- Data
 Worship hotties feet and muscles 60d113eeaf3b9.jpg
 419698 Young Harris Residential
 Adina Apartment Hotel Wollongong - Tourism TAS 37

* * *

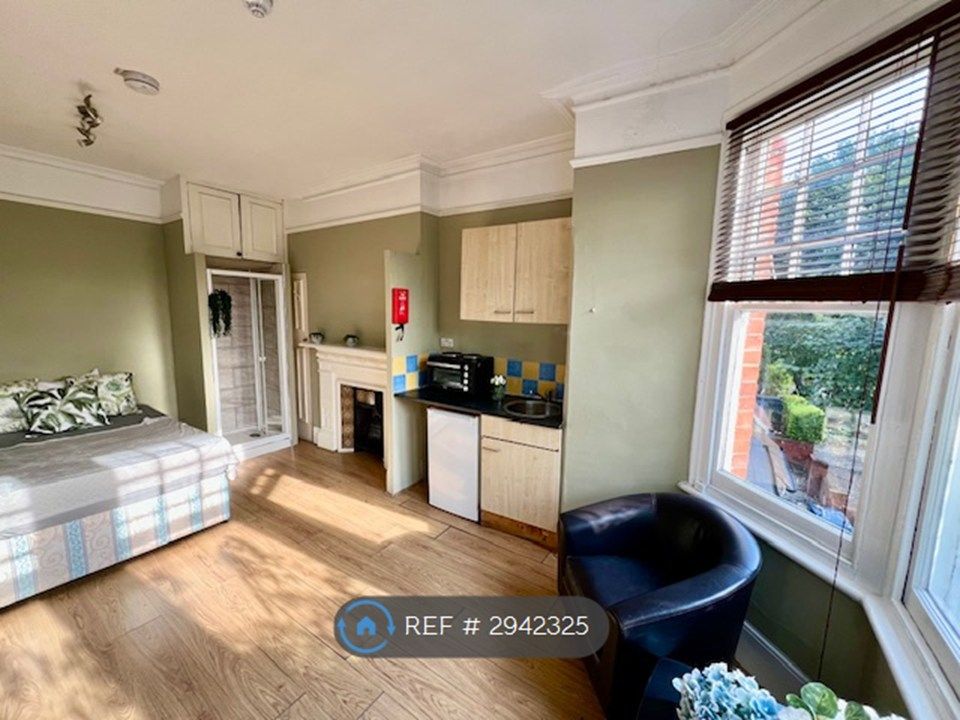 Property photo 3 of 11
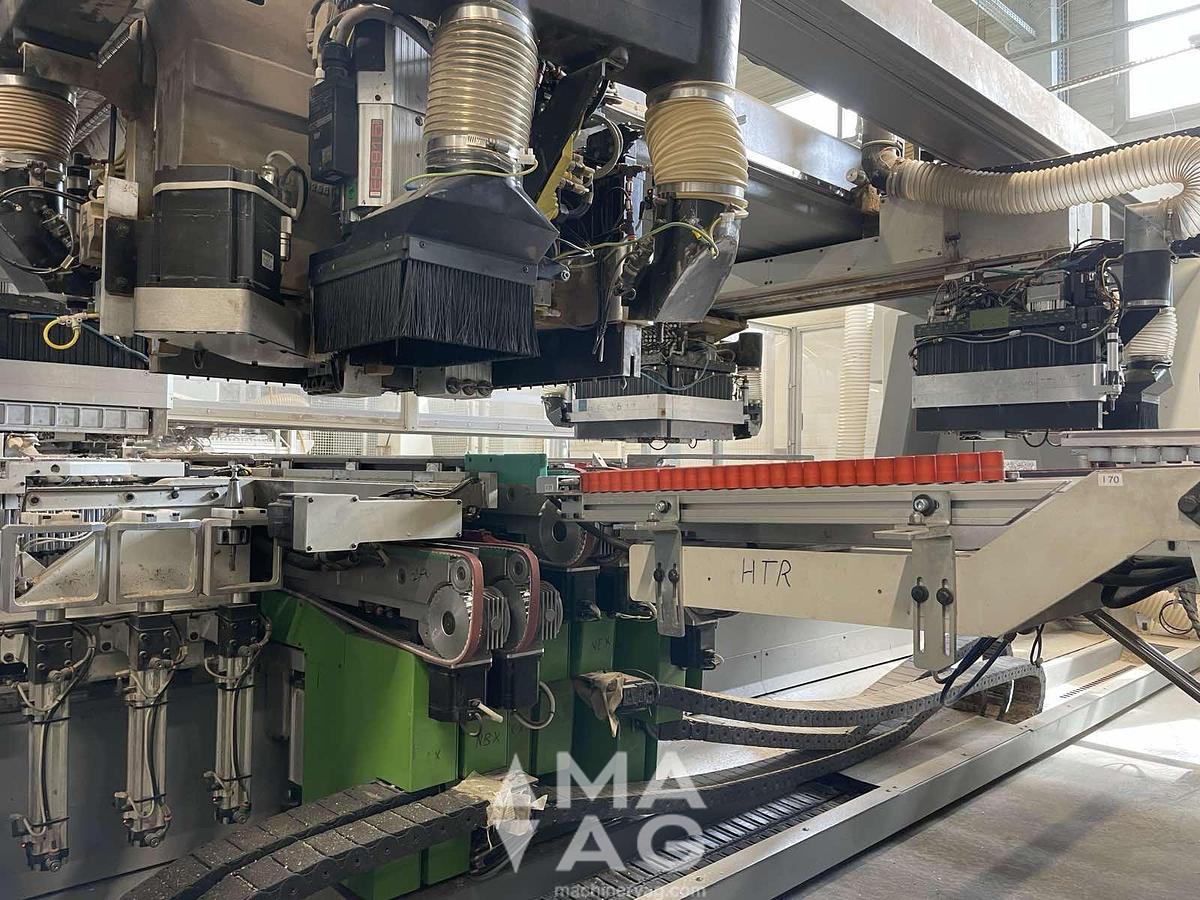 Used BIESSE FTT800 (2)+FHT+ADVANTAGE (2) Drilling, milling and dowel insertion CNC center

==

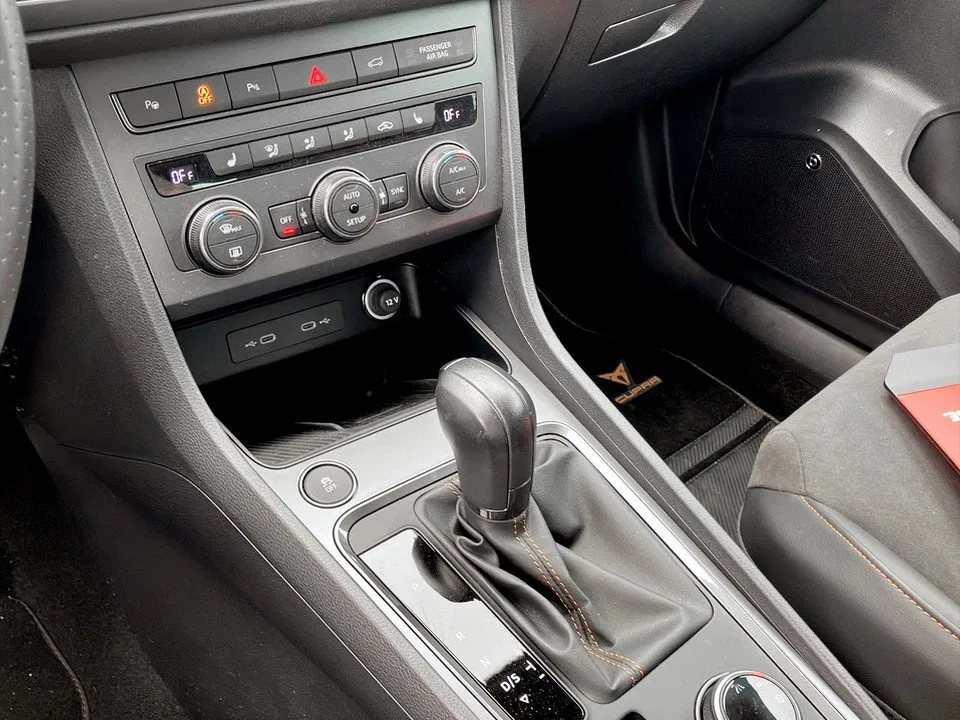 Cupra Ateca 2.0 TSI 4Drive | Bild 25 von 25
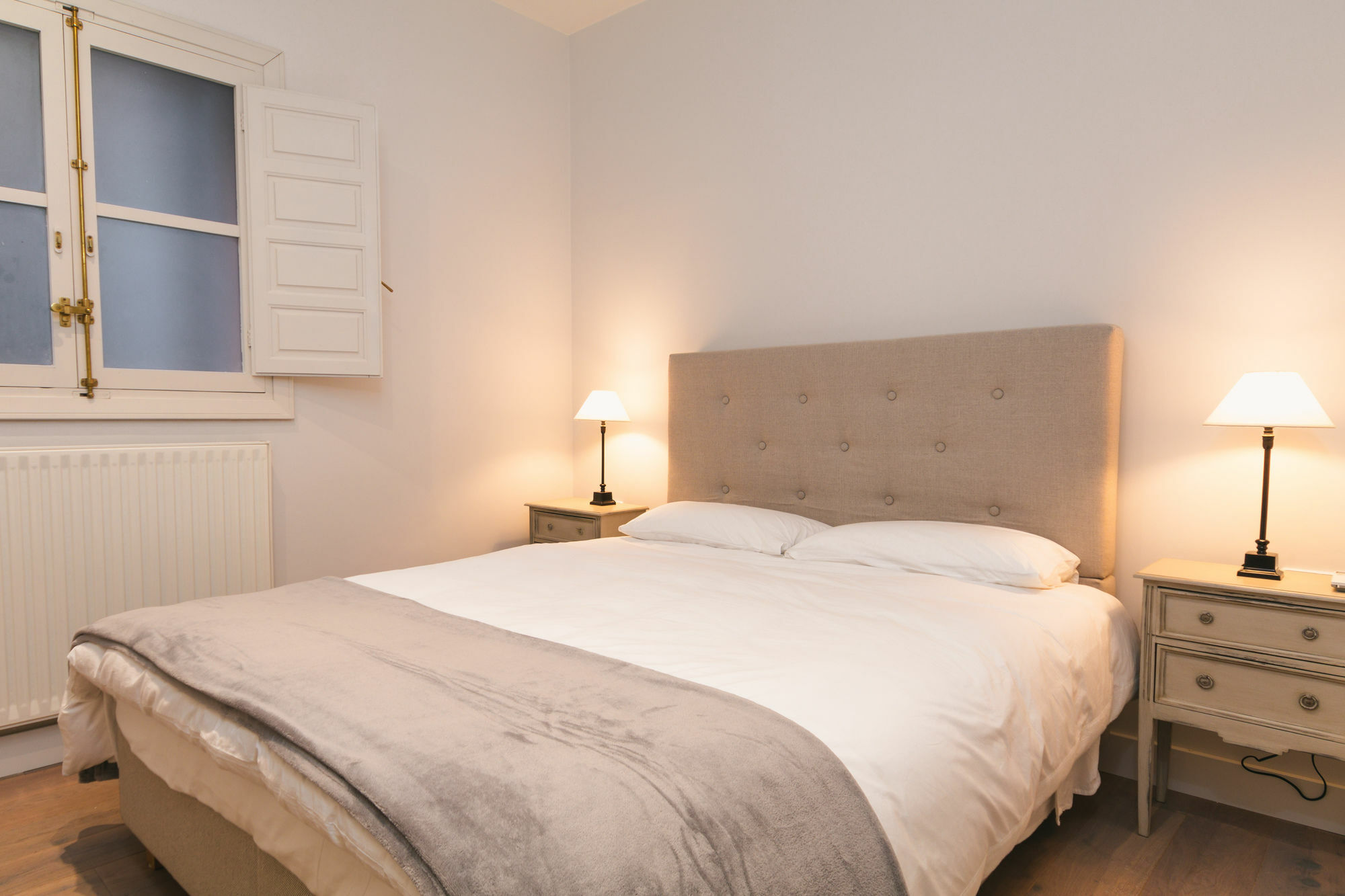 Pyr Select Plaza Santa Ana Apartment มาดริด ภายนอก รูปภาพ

- Directions for this task
In your answer, include only the lines above starting at the line that holds "Worship hotties feet" and ending at the line that holds "Adina Apartment Hotel", copied exactly.

- Task output
 Worship hotties feet and muscles 60d113eeaf3b9.jpg
 419698 Young Harris Residential
 Adina Apartment Hotel Wollongong - Tourism TAS 37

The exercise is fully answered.